In [1]:
import requests

response = requests.get('https://api.github.com/repos/pytorch/issues', # pytorch가 path parameter이므로 
                                                                       # 별도의 parameter 설정 생략 가능
                        headers={'Accept' : 'application/vnd.github.text-match+json'})
print("Response Code", response.status_code)
print("Number of comments", len(response.json()))

Response Code 403
Number of comments 2


In [2]:
# Pagination
response.links

{}

In [3]:
# 재귀함수
# 파이썬에서 기본적으로 최대 1,000회 Recursion(재귀) 반복
# 설정을 통해 횟수 상한 증가 가능
# import sys
# sts.setrecursionlimit(10**5) # 10의 5제곱으로 반복 횟수 증가

def get_all_pages(url, params = None, headers = None):
    output_json = []
    response = requests.get(url, params = params, headers = headers)
    if response.status_code == 200:
        output_json = response.json()
        if 'next' in response.links:
            next_url = response.links['next']['url']
            if next_url is not None:
                output_json += get_all_pages(next_url, params, headers)
    return output_json

In [4]:
import pandas as pd

out = get_all_pages(
    "https://api.github.com/repos/pytorch/pytorch/issues/comments",
    params={
        'since': '2022-01-01T10:00:01Z',
        'sorted': 'created',
        'direction': 'desc'
    },
    headers = {"Accept": "application/vnd.github+json"}
)

df = pd.DataFrame(out)
print(df['body'].count())
df[['id', 'created_at', 'body']].sample(1)

KeyError: 'body'

In [5]:
# 시간당 속도 제한
response = requests.head("https://api.github.com/repos/pytorch/pytorch/issues/comments")
print('X-Ratelimit_Limit', response.headers['X-Ratelimit-Limit'])
print('X-Ratelimit_Remaining', response.headers['X-Ratelimit-Remaining'])

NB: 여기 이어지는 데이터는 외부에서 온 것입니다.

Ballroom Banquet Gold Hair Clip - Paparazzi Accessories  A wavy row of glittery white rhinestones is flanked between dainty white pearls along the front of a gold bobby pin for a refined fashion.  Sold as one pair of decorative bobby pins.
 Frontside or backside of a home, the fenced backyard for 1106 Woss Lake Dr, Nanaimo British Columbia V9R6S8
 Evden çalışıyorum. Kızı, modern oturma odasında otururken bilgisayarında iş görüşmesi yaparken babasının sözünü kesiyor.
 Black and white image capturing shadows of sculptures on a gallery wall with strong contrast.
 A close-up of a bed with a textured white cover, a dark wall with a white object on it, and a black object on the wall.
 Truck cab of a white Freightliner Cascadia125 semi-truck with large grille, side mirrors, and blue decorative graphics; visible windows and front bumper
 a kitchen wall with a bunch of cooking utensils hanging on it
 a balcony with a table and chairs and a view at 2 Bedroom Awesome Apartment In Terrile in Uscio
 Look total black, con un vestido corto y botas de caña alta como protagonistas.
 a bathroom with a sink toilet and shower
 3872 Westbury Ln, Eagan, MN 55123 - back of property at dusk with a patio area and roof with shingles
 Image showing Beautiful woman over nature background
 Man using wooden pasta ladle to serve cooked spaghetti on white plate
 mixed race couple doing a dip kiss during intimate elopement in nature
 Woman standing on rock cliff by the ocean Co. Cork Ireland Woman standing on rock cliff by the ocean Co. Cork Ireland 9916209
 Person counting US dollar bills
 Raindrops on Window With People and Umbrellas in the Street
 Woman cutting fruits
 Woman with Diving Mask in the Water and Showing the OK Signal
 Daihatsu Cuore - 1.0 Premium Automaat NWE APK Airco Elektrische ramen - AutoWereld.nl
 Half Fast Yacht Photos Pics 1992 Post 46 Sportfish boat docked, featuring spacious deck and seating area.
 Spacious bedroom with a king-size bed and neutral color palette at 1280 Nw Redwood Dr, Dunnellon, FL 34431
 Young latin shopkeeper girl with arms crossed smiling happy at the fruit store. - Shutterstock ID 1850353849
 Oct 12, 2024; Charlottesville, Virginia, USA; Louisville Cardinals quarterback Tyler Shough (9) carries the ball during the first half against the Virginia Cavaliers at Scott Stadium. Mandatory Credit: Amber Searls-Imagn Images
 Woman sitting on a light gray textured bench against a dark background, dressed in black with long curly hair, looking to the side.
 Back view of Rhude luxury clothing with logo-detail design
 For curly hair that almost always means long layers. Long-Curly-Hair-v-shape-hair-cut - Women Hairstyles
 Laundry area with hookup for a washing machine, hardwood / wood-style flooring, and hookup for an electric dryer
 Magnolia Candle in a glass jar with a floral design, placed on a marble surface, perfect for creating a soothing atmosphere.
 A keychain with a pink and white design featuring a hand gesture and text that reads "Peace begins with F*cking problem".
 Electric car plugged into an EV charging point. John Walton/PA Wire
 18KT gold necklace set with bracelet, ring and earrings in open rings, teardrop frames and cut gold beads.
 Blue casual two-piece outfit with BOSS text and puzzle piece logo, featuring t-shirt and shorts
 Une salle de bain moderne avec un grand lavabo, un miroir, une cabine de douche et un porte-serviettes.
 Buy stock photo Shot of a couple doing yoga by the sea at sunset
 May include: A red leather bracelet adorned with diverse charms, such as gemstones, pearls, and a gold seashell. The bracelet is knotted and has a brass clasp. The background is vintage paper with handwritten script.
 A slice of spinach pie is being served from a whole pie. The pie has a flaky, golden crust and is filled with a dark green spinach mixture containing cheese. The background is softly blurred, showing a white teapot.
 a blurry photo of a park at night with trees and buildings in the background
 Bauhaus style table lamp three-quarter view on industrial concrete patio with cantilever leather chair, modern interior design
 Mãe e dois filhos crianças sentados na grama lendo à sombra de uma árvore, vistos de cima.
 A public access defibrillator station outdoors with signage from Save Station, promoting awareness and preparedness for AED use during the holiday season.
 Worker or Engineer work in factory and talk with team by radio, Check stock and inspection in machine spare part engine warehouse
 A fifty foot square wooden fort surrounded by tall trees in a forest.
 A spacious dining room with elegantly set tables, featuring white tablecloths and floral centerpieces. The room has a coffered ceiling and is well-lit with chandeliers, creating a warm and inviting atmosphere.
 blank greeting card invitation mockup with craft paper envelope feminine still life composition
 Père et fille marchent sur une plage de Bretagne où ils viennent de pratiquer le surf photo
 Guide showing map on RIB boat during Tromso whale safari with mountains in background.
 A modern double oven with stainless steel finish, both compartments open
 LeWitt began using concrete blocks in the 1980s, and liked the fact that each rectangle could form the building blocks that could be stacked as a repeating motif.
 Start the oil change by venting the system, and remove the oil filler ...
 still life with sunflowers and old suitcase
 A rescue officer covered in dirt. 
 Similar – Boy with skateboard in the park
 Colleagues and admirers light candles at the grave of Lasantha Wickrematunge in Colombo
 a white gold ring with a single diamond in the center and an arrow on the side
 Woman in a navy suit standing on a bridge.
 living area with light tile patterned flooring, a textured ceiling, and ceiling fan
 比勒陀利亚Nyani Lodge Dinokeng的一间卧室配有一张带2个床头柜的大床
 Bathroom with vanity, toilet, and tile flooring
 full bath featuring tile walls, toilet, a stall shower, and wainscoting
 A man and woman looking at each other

# UTC 시간을 사람이 읽을 수 잇는 형식으로 변환
import datetime
print('Rate Limit reset at', datetime.datetime.fromtimestamp(int(response.headers['X-RateLimit-Reset'])).strftime('%c'))

X-Ratelimit_Limit 60
X-Ratelimit_Remaining 0
Rate Limit reset at Mon Feb 27 18:14:22 2023


In [6]:
# 분당 속도 제한

from datetime import datetime
import time

def handle_rate_limits(response):
    now = datetime.now()
    reset_time = datetime.fromtimestamp(int(response.headers['X-RateLimit-Reset']))
    remaining_requests = response.headers['X-Ratelimit-Remaining']
    remaining_time = (reset_time - now).total_seconds()
    intervals = remaining_time / (1.0 + int(remaining_requests))
    
    print("Sleeping for", intervals)
    time.sleep(intevals)
    return True

In [7]:
# 네트워크 오류를 감안한 코드 작성
from requests.adapters import HTTPAdapter
from requests.packages.urllib3.util.retry import Retry

retry_strategy = Retry(
    total = 5, # 재시도 횟수
    status_forcelist = [500, 503, 504], # 재시도할 상태코드 목록
    backoff_factor = 1 # 각 시도마다 간격을 늘려주는 수치
    # time_delay = backoff_factor * (2**(총 재시도 횟수 - 1))
)

retry_adapter = HTTPAdapter(max_retries=retry_strategy)

http = requests.Session()
http.mount("https://", retry_adapter)
http.mount("https://", retry_adapter)

response = http.get("https://api.github.com/search/repositories",
                    params={'q':'data_science+language:python'})

for item in response.json()['items'][:5]:
    print(item['name'])

data-science-from-scratch
PySyft
data-science-blogs
galaxy
DataCamp